Ah. In post 18 you seem to be suggesting that the Shuttle leading edge was originally far heavier. It's the actively cooled hypersonic structures that tend towards massive heaviness, rather than radiatively cooled structures like the Shuttle leading edge.
There are annoyingly good reasons why hypersonic aircraft are a wee bit of a rarity.
Because it uses 20 to 40 year old technology. They likely have something better now that will appear in the press in another 20 years.
Once up to a significant hypersonic speed, I'd think the smart thing would be just punch on up to orbit rather than burn away in the atmosphere at mach 10 or something. Sounds like what this thing was doing. And since accelerating after mach 10 or so would have to be rocket, you might as well zoom on up above the atmosphere to do it.
Note the scramjet looking ramp on the bottom. That's not the X-15. Vertical tail is wrong too.
Remember that one of the last X-15 flights was a test of a scramjet engine, so this stuff has been under development for a long time.
With 20/20 hindsight, was the XB-70 ever supposed to be a "bomber" at all, but instead a first stage of an orbital system.

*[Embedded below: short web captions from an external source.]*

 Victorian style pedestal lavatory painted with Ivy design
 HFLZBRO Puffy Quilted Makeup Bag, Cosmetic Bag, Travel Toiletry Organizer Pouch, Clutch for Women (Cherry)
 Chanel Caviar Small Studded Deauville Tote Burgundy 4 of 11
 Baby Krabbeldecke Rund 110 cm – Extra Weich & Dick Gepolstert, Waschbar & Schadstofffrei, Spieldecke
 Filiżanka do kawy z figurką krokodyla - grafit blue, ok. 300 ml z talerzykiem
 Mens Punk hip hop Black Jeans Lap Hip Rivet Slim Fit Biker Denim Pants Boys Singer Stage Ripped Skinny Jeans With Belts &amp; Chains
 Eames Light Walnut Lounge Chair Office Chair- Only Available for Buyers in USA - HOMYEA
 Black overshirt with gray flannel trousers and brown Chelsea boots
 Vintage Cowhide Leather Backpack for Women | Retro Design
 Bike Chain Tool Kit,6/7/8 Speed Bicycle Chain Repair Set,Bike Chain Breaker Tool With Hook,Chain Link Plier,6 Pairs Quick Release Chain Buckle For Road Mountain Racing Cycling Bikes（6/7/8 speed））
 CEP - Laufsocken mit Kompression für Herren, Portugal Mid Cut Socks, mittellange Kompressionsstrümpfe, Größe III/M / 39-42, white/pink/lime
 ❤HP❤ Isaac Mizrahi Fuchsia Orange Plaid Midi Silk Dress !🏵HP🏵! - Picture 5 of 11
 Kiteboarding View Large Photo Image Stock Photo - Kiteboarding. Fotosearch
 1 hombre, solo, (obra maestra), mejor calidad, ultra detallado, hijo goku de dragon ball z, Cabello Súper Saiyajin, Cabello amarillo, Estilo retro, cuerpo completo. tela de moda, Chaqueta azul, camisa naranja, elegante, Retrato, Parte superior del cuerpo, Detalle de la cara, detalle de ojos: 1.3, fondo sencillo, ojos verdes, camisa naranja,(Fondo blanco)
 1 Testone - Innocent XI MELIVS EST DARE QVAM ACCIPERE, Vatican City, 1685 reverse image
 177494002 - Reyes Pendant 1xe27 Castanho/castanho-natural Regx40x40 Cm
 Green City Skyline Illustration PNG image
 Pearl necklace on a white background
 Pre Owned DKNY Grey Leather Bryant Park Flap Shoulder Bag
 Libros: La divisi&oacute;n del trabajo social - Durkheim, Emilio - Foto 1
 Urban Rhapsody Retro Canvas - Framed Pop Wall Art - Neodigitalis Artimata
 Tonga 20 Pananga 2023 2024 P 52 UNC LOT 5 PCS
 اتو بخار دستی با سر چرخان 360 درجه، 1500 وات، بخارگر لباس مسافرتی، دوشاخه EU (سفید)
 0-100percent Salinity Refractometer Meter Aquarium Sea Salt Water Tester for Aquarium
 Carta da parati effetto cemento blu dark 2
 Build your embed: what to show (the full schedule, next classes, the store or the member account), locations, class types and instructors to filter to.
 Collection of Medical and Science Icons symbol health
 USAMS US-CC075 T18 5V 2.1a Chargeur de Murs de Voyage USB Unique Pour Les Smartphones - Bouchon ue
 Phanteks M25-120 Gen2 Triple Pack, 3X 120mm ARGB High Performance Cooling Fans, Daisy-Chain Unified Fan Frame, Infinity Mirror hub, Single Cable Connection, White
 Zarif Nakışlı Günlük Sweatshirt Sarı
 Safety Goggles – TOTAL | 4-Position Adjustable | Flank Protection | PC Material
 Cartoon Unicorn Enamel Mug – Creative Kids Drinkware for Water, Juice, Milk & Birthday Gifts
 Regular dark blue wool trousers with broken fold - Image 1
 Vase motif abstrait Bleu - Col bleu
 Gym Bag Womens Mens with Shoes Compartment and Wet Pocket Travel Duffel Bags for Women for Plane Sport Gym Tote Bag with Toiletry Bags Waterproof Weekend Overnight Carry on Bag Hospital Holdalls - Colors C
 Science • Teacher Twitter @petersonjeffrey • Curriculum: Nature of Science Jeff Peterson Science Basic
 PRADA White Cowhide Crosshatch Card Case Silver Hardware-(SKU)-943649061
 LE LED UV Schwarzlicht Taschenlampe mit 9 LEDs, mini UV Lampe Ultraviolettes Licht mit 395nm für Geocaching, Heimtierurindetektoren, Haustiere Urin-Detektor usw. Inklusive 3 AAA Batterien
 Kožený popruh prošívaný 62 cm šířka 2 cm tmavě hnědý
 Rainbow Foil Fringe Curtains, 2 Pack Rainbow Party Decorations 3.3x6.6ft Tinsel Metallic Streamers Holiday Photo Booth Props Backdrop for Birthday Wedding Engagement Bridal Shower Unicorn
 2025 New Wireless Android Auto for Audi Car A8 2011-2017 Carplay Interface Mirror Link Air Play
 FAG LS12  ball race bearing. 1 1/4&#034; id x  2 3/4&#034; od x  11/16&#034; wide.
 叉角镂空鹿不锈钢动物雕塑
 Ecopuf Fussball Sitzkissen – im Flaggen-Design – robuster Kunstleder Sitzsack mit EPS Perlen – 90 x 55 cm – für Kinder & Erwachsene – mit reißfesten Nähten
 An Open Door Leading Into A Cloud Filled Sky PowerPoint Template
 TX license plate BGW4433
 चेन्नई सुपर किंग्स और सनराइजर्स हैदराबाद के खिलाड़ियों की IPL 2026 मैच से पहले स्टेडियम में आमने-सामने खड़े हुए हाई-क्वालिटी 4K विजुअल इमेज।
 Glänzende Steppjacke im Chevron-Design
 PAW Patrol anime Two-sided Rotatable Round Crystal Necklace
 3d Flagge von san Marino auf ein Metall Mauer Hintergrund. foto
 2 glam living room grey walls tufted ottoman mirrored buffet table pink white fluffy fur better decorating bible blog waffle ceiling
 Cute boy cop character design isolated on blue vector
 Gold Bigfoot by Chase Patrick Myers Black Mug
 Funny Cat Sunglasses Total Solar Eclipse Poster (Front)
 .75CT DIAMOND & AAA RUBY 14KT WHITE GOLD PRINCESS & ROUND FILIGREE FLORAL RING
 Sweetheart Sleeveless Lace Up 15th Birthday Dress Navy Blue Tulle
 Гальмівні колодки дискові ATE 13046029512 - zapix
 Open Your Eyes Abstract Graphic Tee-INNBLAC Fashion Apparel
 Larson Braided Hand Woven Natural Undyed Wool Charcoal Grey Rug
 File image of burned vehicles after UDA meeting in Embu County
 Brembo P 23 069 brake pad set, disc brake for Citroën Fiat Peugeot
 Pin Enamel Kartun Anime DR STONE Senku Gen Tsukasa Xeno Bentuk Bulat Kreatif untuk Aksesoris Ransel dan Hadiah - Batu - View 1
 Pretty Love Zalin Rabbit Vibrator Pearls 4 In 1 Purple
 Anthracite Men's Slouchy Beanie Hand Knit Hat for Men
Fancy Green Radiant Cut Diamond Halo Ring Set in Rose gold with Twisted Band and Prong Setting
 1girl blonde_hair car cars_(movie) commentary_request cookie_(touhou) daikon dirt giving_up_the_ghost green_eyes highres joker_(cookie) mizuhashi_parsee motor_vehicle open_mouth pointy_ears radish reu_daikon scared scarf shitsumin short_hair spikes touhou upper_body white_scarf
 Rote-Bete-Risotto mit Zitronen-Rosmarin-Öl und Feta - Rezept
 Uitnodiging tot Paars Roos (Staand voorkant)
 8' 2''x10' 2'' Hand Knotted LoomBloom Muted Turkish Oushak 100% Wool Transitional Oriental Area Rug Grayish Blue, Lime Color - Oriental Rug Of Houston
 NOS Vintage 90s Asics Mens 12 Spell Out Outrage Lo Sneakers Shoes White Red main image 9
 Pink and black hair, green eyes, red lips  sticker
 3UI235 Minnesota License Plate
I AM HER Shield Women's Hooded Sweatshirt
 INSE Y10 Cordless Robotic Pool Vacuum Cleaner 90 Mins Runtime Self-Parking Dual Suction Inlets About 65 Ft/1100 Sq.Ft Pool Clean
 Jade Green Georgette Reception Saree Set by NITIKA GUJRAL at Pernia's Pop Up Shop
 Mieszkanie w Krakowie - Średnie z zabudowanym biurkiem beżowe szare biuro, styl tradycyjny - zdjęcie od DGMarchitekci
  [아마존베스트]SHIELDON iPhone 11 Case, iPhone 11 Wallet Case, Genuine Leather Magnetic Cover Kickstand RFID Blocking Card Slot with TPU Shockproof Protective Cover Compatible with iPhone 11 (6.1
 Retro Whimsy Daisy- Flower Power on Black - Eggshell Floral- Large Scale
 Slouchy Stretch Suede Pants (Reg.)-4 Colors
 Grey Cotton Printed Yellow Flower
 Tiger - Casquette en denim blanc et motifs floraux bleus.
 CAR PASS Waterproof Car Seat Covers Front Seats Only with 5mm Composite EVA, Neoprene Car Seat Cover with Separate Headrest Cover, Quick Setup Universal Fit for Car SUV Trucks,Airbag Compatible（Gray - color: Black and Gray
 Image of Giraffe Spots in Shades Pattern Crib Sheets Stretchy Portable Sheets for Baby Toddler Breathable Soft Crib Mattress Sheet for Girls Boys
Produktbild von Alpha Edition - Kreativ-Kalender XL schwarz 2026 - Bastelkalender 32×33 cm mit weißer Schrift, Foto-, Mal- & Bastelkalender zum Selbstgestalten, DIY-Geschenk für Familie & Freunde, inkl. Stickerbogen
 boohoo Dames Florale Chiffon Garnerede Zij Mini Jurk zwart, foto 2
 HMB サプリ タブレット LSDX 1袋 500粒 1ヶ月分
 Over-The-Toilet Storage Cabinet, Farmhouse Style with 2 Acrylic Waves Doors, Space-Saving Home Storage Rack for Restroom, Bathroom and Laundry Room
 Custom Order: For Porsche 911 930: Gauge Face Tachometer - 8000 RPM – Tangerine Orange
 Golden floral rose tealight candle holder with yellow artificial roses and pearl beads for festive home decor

Ironically, the first story I ever sold to ANALOG science fiction magazine, was about a manned ICBM interceptor. I couln't interest the Air Force in the idea, so I did the next best thing. The story, PUSHBUTTON WAR, appeared in the August 1960 issue.
Nope, that's the X-15. X-15 A-3, to be exact, which was to have an extended fuselage, a larger expansion-ratio engine and delta wings. The problem you're ahving with the dorsal fin is that the A-3 was also to have wingtip fins; the "scramjet ramp" on the underside is actually the port delta wing.
There *were* airbreathing X-15's studied, such as the SERJ-equipped concepts from Marquardt, see below. However, the B-70/X-15 concept shown was for a regular rocket version, just capable of higher speed. However, as the D-21/M-12 disaster showed, launching off the back of a supersonic aircraft is a recipe for total vehicle loss. Best to drop from underneath.
Interesting. They did studies on all kinds of stuff back then....
Yes. And then they stopped. Yay, Johnson...
Why did they stop?
May not have worked as well as as they wanted.
Congratulations on your sale to Analog!
Once in orbit, this system can reach any target on the entire planet within about 30-50 minutes. Abinajab (or whatever that iraniac kooks name is) couldn't even finish takin a crap before one of these birds launched and was overhead targeting him with hypervelocity rods.
> What do you have against humans in space?
> Granted, for a military mission they're not necessary
That depends on the military mission. Piloted aircraft are far more flexible than drones. The military missions currently done in space don't require humans, for obvious reasons, but there are things on the horizon. Like inserting small units or special forces from space ("Hot Eagle").
> Why did they stop?
Because Kennedy and Johnson wanted manned spaceflight to be reserved for NASA, for propoganda reasons. The Dyna-Soar prototype was 80% complete when the program was cancelled.
"Blackstar" is almost certainly fiction. There's no reason to believe the US has this type of capability -- yet -- but it should have.